Выбрать главу

- Мокро же, - жалостливо заныл поверженный в лужу правонарушитель.

- А мне, ничего, нормально, - поёрзал по его спине невозмутимый победитель. - Мудрак Ялохович, вашим ноженькам не сыро?

- Чуток имеется, - горько пожаловался на дискомфорт гоблин.

- Так чего ж вы такие неудобства терпите, дорогой друг, когда вокруг столько удобной мебели разбросано? Велите вон тем двум лодырям не мешкая ползти сюда; на одного вы ножки сложите, на другого - я. Вот и будет всем хорошо.

Ялохыч новым своим подчинённым тут же дал соответствующую случаю отмашку, и, как заботливый начальник проявил беспокойство об остальных «предметах» камерной обстановки:

- Энтих, вот перцев, под что приспособим?

Хряп напряг фантазию. За дверью сторож тоже невольно озадачился над тем, чего ж ещё не хватает в пустой тюремной камере. Но тут появился Гёз, как всегда не вовремя, и грубо прервал мирное течение их мыслей.

- Отворяй, живо! - было сурово и без всякого почтения сказано заслуженному ветерану охранного труда.

Гордый ветеран, «прилипший» к окошку в двери из-за тугоухости пропустил появление посетителей. От неожиданности старче вздрогнул, брякнул тяжкой связкой ключей и начал речь:

- Чего... - огласил он подвальные своды старческим рыком медленно сатанея и намеренно оборачиваясь с вящей заторможенностью, - ...изволите, милостивый государь? - Окончание фразы было произнесено тоном прирождённого холуя.

Гёз явился в узилище не один, а, диво дивное, в сопровождении грозного начальства. И как сумел к нему в доверие втереться за столь краткое время?
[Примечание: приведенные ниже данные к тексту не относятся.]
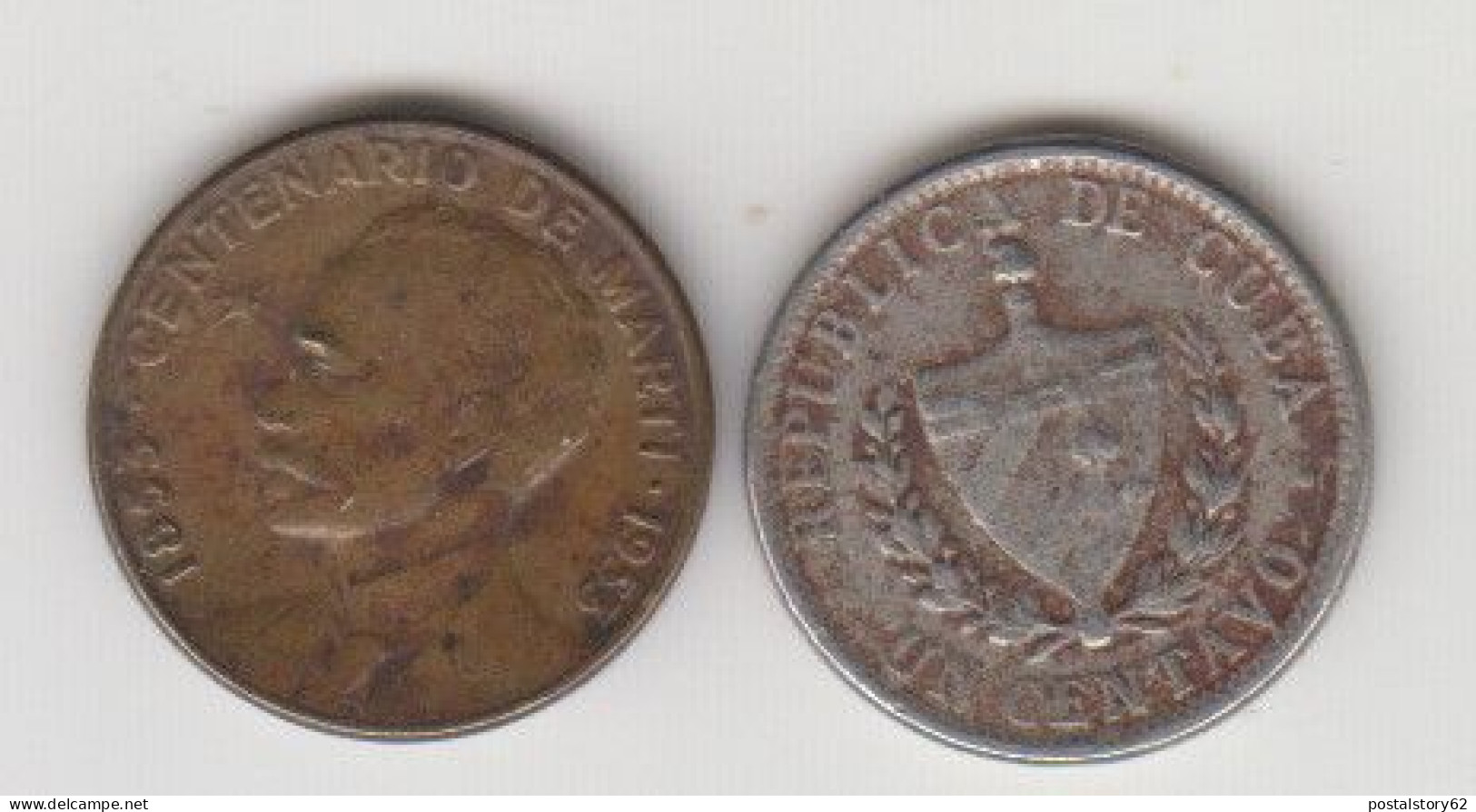 Cuba, 1 Centavo 1946 + 1 Centavo 1953 - Cuba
Не иначе - заветное слово знает для умилостивления чиновных небожителей. Сторож, сторож-то как опростоволосился. Не встретил, как подобает, самого господина второго секретаря местной погранконторы. Ох-ох-ох, какая непростительная оплошность! Пролопушил, старый хрен, ей-богу, пролопушил.

Господин второй секретарь, рыжий малый с плутоватыми глазами росту был отменно неказистого, характером обладал желчным, а самомнение имел по стать принцу крови. Носил он чёрные туфли на массивном высоком каблуке, и всегда выбирал обувку с большими серебряными пряжками. «Из личной скромности, - говаривал он сослуживцам, намекая, что мог бы себе позволить и пряжки золотые, каменьями украшенные, - и от злобного неправедного сглазу». Суеверным был второй секретарь, впрочем, как и все пройдохи. Ещё он был обладателем дорогущих и жутко модных узких гетр с пышными буфами, разноцветьем своим вызывающих рябь в глазах любого не страдающего дальтонизмом; шёлковые сорочки менял два раза в день, имелась у него такая причуда; костюм его дополнялся хорошего кроя колетом, так же украшенного серебром и подстреленным плащиком с горностаевой опушкой. На маленькой головёнке большой берет с непомерных размеров пером птицы дрюх. Шпагу же достойный рыцарь гусиных перьев и железистых чернил предпочитал носить тонюсенькую, что твоя зубочистка. Чего утруждаться, лишние тяжести таская, ежели всегда рядом надёжная охрана? Вот и сейчас в подвал администратор в одиночестве спускаться не пожелал, то ли из боязни тамошних жирных крыс, то ли просто из каприза. За его спиной, горой нависая над обожаемым начальством, ненавязчиво маячил верный Бухо.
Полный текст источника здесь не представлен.